■ **Records for processing**:
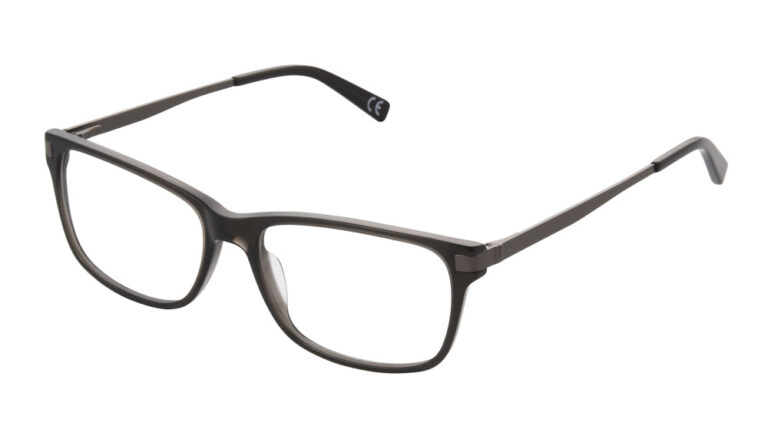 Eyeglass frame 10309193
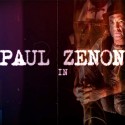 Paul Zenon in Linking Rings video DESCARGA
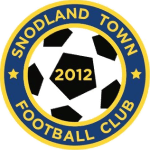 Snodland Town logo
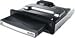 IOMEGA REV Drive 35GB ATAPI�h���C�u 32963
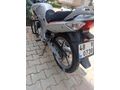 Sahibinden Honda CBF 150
--
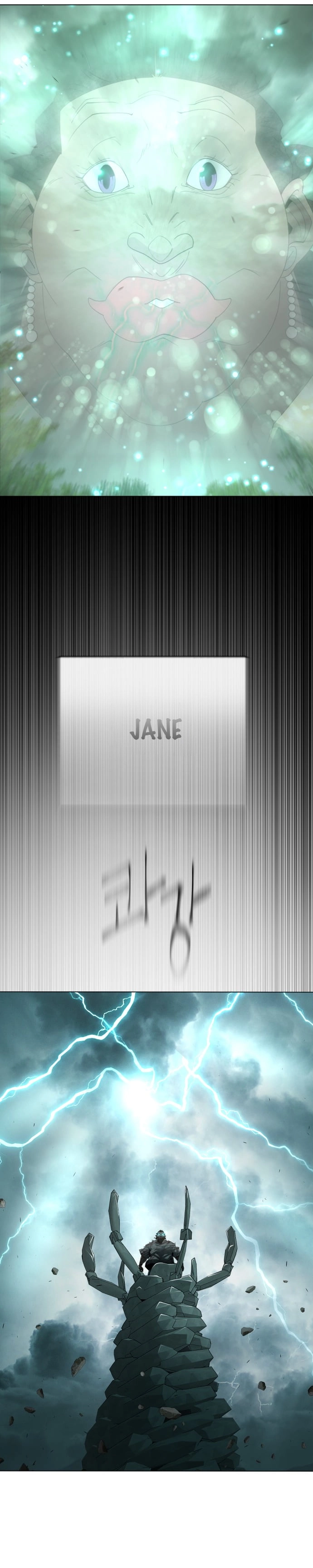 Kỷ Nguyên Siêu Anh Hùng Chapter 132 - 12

■ **Task directions**: Although pictures appear among the records above, write out exactly only the lines from the one that has "Eyeglass frame 10309193" through the one that has "Sahibinden Honda CBF 150", and leave the pictures out.

■ **Written reply**:
 Eyeglass frame 10309193
 Paul Zenon in Linking Rings video DESCARGA
 Snodland Town logo
 IOMEGA REV Drive 35GB ATAPI�h���C�u 32963
 Sahibinden Honda CBF 150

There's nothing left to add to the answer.